E outro problema é que a violência policial é a face mais visível do racismo em Portugal. Vamos ver a questão do desemprego em massa, a questão das prisões, vamos ver as pessoas que estão com problemas mentais. Vamos ver a questão dos bairros que são demolidos e as pessoas são empurradas para sítios, onde a partir das oito e tal não há transportes. Vamos ver o perfil racial quando cinco jovens negros vão para Lisboa à noite o que é que sofrem. Vamos ver a questão das leis de imigração. Portugal tem continuidade colonial. Portugal nunca foi rever a sua história, porque não quer. Há uma memória seletiva neste país, há muita coisa fictícia aqui.
E não é agora que vêm com essa conversa do lusotropicalismo, "não há racismo em Portugal" (...) Esse é o maior problema, há a negação. A negação do racismo. Um dia li uma frase no facebook, que o novo racismo é a negação do racismo. E o racismo não tem só a ver com chamar-me "preto", é uma questão de poder. Eu posso ser um preconceituoso e ter muito preconceito e ter até raiva de uma pessoa branca, mas nunca vou ter o poder de fazer essa pessoa perder o emprego. Nunca vou ter o poder, vou dar um exemplo, de meter uma pessoa numa esquadra, torturar essa pessoa e ainda sair ilibado, nunca! O racismo tem a ver com a questão do poder. Não é a questão do "pretinho", isso não é nada. O racismo mata! É uma violência organizada, é uma violência de Estado. É só ver as comunidades como estão. A periferização da nossa comunidade, o que aconteceu em santa Filomena, mulheres idosas, mulheres com filhos, crianças sem casa, sem nada. Pessoas com nacionalidade a quem foi sugerido o abandono do país... Eles vão para onde? Eles nasceram cá, cresceram cá. Por isso, é que às vezes há jovens que dizem sou afro-português ou luso-africano, ou qualquer coisa parecida, isso é complicado... é muito complicado.

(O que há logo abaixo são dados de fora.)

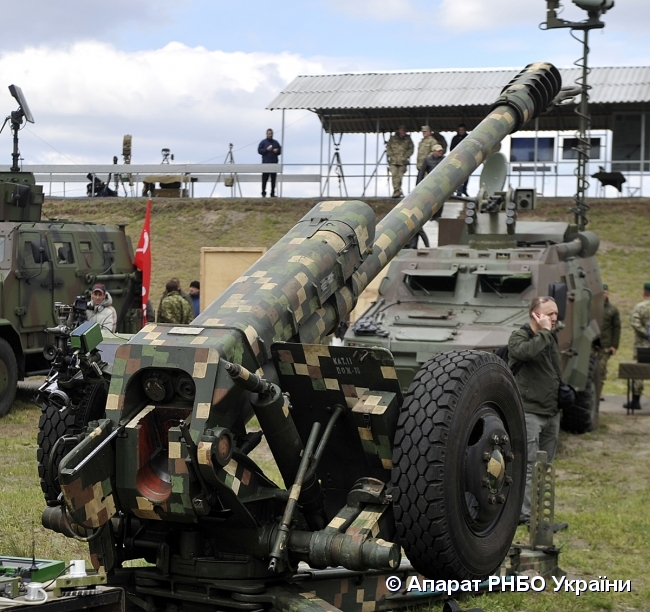 Порошенко передал украинским военным новое отечественное вооружение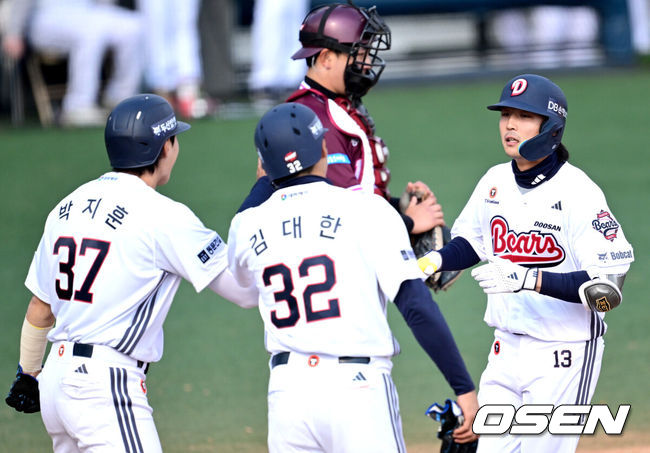 [OSEN=이천, 최규한 기자] 12일 경기도 이천 두산베어스파크에서 ‘2026 신한 SOL KBO리그’ 시범경기 두산 베어스와 키움 히어로즈의 경기가 열렸다.시범경기는오늘(12일)부터오는 24일까지 진행되며, 각 팀이 12경기씩 치러 총 60경기가 펼쳐질 예정이다.6회말 2사 1,2 루 상황 두산 이유찬이 달아나는 좌월 스리런포를 날리고 홈을 밟은 뒤 선행주자들과 기뻐하고 있다. 2026.03.12 / dreamer@osen.co.kr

Na passada quinta-feira realizou-se uma concentração em frente à Assembleia da República contra a violência policial. O protesto foi convocado pelos moradores do bairro mas não se restringiu apenas ao que aconteceu na Cova da Moura. "Foi uma concentração de toda a gente que se preocupa com a questão dos direitos humanos" disse Lbc na entrevista.